セドが再び溜息をつきかけた時、ネロが口を開いた。
「あのね、お願いがあるんだけど……」
ネロの頼み事の内容に、セドは愕然となった。
「な、なんだって?」
「だからね、宿題なの。お父さんの働いてる組織について調べなさいって、先生がゆったの。ぼくお父さんいないから、大にいちゃんがいいんだけど……だめ?」
「いや、調べるのはいいんだが、け、見学は……」
まずいな。とセドは思った。あの酷い職場でストレスを溜めまくっている俺の姿を見たらネロはどう思うだろう。未来に夢も希望も無くなってしまうのではないか。レヴのように。
「だめかー……そっか…ごめんね」
残念そうに下を向くネロ。ここでイヤダイヤダとわがままを言わないネロの内気さを、セドは愛おしく思った。
「……待ちなさい。駄目とは言ってない」
「えっ!いいの!」
「ただ、兄さんたちの仕事は危険な部分もある。見学できる日とできない日があるんだ」
「うん!だいじょぶな日でいい!」
小さな弟の宿題も手伝ってやれないで、なにが兄か。セドは見せても大丈夫な時を狙って見学させようと頭の中でプランを練り始める。
「明日上司に聞いてみるから、お前はそろそろ寝なさい」
そう言ってネロを寝かしつけると、セドはぐったりと居間の座椅子にもたれかかって浅い息をした。
病院に行かねば、しかし今日は疲れた。見学、いつがいいだろうか。
面倒な事になってしまったと考えて、いや弟の頼みを面倒とは何だ、お前には愛が無いのか、最低だ、と自分を責める。それを繰り返すうちに、セドの脳はだんだんと眠りに落ちていった。

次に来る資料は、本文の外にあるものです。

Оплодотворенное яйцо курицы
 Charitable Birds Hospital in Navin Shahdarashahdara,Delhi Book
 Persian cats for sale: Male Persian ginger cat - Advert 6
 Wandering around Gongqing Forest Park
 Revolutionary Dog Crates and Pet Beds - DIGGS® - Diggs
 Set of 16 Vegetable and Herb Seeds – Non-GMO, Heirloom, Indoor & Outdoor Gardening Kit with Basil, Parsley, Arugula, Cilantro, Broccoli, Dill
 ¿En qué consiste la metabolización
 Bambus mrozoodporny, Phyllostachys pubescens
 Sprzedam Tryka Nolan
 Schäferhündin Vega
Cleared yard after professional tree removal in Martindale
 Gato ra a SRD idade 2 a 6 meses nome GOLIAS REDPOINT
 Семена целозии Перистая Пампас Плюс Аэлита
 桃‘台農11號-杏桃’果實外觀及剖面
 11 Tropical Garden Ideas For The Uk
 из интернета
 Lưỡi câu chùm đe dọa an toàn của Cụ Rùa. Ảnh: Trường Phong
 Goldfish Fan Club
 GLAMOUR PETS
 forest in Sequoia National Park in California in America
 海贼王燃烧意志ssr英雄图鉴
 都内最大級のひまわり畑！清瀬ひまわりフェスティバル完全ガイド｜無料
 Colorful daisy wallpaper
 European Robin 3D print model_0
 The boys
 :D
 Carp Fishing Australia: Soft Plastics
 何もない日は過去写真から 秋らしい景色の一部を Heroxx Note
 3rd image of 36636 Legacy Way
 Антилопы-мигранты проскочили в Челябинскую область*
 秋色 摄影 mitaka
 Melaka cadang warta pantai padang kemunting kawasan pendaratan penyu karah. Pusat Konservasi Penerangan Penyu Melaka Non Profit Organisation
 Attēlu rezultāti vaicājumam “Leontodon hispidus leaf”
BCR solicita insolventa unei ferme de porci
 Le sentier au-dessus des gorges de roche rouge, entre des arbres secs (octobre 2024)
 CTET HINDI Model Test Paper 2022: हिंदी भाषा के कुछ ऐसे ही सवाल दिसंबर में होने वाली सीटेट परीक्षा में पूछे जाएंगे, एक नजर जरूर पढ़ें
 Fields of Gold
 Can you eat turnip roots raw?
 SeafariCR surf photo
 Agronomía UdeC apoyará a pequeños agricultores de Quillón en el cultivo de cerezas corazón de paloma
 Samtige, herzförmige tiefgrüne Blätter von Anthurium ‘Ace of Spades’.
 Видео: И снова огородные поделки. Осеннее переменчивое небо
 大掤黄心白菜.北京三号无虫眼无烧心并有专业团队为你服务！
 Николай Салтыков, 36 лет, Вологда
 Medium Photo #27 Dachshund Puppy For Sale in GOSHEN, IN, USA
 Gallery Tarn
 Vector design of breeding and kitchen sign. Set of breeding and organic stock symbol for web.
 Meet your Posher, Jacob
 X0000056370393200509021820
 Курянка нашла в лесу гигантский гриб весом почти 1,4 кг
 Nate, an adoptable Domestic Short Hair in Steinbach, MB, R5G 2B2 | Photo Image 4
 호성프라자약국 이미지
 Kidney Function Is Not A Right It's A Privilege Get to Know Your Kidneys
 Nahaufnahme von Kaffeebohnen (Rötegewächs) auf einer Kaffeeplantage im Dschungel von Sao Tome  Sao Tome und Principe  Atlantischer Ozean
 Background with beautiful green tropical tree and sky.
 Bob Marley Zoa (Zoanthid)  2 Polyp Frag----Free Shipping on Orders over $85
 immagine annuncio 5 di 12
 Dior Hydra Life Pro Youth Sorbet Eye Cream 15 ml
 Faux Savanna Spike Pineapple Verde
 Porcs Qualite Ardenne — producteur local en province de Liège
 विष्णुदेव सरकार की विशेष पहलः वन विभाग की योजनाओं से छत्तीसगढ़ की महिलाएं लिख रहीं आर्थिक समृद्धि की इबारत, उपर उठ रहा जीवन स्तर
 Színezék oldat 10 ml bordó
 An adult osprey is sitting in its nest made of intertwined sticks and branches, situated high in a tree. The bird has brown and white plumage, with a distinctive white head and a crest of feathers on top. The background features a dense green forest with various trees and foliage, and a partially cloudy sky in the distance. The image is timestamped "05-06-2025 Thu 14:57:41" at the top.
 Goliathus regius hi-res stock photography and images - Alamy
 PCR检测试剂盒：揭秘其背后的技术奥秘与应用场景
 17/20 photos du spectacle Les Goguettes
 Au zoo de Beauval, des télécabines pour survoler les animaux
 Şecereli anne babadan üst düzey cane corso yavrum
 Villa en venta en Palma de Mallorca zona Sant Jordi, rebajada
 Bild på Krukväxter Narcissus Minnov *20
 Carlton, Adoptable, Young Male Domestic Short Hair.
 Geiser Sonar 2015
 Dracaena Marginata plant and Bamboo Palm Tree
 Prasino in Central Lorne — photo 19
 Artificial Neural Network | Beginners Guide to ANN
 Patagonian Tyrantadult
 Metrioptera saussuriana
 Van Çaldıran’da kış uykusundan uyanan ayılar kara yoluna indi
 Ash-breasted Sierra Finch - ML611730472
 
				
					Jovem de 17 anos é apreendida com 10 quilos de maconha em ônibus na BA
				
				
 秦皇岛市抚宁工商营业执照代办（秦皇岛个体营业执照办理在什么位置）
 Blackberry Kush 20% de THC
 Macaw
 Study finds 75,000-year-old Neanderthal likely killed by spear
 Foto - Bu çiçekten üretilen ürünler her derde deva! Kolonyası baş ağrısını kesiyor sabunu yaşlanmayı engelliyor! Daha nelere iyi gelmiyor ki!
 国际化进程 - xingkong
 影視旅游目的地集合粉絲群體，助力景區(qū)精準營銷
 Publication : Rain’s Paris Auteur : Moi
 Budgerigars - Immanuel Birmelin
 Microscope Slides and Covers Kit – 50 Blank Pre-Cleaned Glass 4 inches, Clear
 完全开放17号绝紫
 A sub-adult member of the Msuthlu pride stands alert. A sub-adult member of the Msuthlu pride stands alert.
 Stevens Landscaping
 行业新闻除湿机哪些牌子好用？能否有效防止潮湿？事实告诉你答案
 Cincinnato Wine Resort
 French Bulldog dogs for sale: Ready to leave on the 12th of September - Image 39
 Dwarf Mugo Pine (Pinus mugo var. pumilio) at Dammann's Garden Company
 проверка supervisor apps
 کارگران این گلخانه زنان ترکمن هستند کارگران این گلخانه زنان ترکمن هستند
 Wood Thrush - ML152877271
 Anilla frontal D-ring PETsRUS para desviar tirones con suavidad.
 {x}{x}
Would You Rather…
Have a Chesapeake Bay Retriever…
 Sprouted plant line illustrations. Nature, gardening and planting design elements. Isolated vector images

夢の中で、セドは巨大なヤークルトの瓶に閉じ込められていた。それを、顔しか知らない「火竜の玉の男の恋人」である女が、笑いながら見ていた。女は言った。
「ヤークルトは白濁しているからアナタがどんなにもがいても誰も気づかないわよ」
胃痛は夢の中でも止むことがなかった。